This is a good way to think about Holacracy:

“…Holacracy is not a governance process ‘of the people, by the people, for the people’ – it’s governance of the organization, through the people, and for the purpose.” Holacracy, page 34

What are the elements of Holacracy?

The key elements are:

  • A constitution
  • A new way to structure an organization and define roles and spheres of authority
  • A decision making process
  • A meeting process

As you might be able to tell, I recently read Brian holacracy freedomRobertson’s new book, Holacracy: The New Management System for a Rapidly Changing World. Brian is one of the thought leaders and founders of Holacracy, and I have crossed paths with him two times, most recently at Conscious Capitalism.

Spotlight on Holacracy

Zappos has adopted Holacracy completely through their organization. With this shift, Zappos has received a lot of attention, especially when 14% of their employees decided to take a package and leave the company. Zappos is undeterred and they are pushing the organizational boundaries, driving change.

The Wall Street Journal wrote an interesting article about the change at Zappos and Holacracy. Reading it will be worth your time.

Holacracy matters

There are a number of reasons why Holacracy matters.

First, in many ways, organizational structure has not dramatically changed in decades. Holacracy is dramatic.

Second, with a new generation quickly becoming the majority in our workplace, more freedom is desired along with bold changes. Holacracy delivers.

Third, with the discussion of how employee engagement isn’t cutting it, Holacracy embraces employee activism and provides a platform for a better way to work.

Holacracy needs to continue on the path of being adopted, changed, and explored as a better way to organize and achieve better results in more purposeful ways.

Holacracy and freedom collide

Holacracy (the book) provides a solid foundation in understanding how it all works. The big missing part is the stories of organizations who have implemented, tested, succeeded, failed, and continued forward with the lessons learned. With 300 firms using Holacracy, more stories should have been in the book.

Having said this, Holacracy is a must read for any leader looking to take on more of an activist approach to organizing and achieving results. For organizations considering this shift, there is a complete chapter on things to do now. Holacracy is not a partial implementation; it is an all-in one.

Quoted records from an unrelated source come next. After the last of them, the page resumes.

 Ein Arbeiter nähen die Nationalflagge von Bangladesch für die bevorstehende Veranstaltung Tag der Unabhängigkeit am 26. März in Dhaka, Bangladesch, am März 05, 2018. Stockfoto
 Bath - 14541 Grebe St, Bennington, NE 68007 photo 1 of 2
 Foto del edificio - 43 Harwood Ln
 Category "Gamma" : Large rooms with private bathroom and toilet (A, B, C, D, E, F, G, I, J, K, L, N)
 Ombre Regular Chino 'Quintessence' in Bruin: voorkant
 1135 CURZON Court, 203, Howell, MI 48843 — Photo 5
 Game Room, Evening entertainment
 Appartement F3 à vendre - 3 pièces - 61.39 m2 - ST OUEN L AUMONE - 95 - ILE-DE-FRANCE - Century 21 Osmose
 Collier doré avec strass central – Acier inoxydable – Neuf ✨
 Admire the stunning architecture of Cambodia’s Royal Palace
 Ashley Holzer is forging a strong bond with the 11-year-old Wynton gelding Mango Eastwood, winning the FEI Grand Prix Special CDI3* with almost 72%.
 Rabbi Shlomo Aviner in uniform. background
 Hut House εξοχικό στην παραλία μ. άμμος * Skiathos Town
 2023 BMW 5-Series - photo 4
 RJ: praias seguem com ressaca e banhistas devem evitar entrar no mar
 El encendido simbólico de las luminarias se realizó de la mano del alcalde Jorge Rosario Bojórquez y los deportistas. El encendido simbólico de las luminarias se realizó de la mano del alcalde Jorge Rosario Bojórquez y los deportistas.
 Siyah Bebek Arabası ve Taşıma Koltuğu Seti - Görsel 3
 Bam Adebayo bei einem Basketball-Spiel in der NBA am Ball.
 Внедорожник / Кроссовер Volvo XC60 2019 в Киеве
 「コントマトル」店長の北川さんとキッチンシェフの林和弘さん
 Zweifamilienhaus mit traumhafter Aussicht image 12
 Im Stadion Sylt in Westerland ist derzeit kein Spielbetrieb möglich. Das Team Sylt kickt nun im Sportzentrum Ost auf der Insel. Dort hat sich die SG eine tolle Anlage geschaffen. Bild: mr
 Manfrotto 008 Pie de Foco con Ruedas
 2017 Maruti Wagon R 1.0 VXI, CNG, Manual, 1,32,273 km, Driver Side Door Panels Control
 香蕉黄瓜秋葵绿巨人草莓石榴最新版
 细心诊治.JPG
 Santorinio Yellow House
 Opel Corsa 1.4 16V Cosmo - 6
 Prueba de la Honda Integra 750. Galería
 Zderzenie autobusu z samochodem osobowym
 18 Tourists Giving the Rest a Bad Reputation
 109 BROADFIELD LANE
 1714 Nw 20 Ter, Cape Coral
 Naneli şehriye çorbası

Here are four elements of Holacracy I found interesting, especially looking through a freedom and activist lens.

Engage the tension.

Tension is described as “the perception of a specific gap between current reality and a sensed potential.” (page 6)

Holacracy sets in motion a means to bring the tension to the table and engage it in a thoughtful, productive way. Tensions are addressed, not ignored. Given this, organizational politics should be minimal.

Freedom will always contain tensions. Freedom stretches us to dream bigger and do more to make a bigger difference. Freedom also means there are diverse viewpoints. To bring this all together in a meaningful way, the tensions need to be open, transparent, and resolved in a respectful, trustful way.

Holacracy seems to get this.

Define the roles.

Responsibility is distributed to roles, not humans. These roles have responsibility, authority, and accountability, as they should. People become stewards of a role, as they should.

Freedom requires different roles for the magic of it to work well. We need to rise above the personal or self-centered views and embrace what the role requires of us. We need to care for the role and make the most of it.

When we need help, more roles can be added. Capacity increases in an orderly, natural way.

Holacracy seems to deliver clarity and capacity of roles.

Focus on the purpose.

With the way roles are viewed and implemented, purpose has a greater chance of success. Purpose is at the center of what is achieved – clarity of mission radiates.

Purpose is the anchor in the tensions, the decisions, the roles, and the work. What distracts is set aside. What matters is addressed.

Freedom and purpose are very close friends. However, too often, friends disagree. Civil and defined purpose bring the two together again.

Holacracy seems to center everything on an evident purpose.

Make decisions within structure.

Holacracy delivers an essential process to reach decisions. Too often, organizations do not define a clear way decisions get made and so they wander, meander, and go nowhere. Holacracy is not whimsical; it is about definition and resolution.

Freedom requires decisions to be made. Freedom cannot be left alone, hoping good things will happen. Freedom entails decisions to promote, protect, and grow what is most important to our communities and workplaces.

Holacracy seems to bring a well-defined framework to work.

So, Holacracy and freedom collide.

Yes, in a very good way.

  • Freedom collides with responsibility, creating the necessary checks between the two.
  • Freedom collides with purpose, ensuring the right focus is in the right place.
  • Freedom collides with structure, delivering expected results and impact.
  • Freedom collides with problems, resolving tension for a productive way forward.

I have no doubt Holacracy will change over time as more is learned and then applied to the model. The process is there for Holacracy to succeed.

More than this, Holacracy has a way to create an activist employee culture, filled with purpose and meaningful results.

Holacracy and freedom need to collide. From these collisions, good things are ahead for the next generation of leaders and team members. Are you ready?

What intrigues you the most about Holacracy?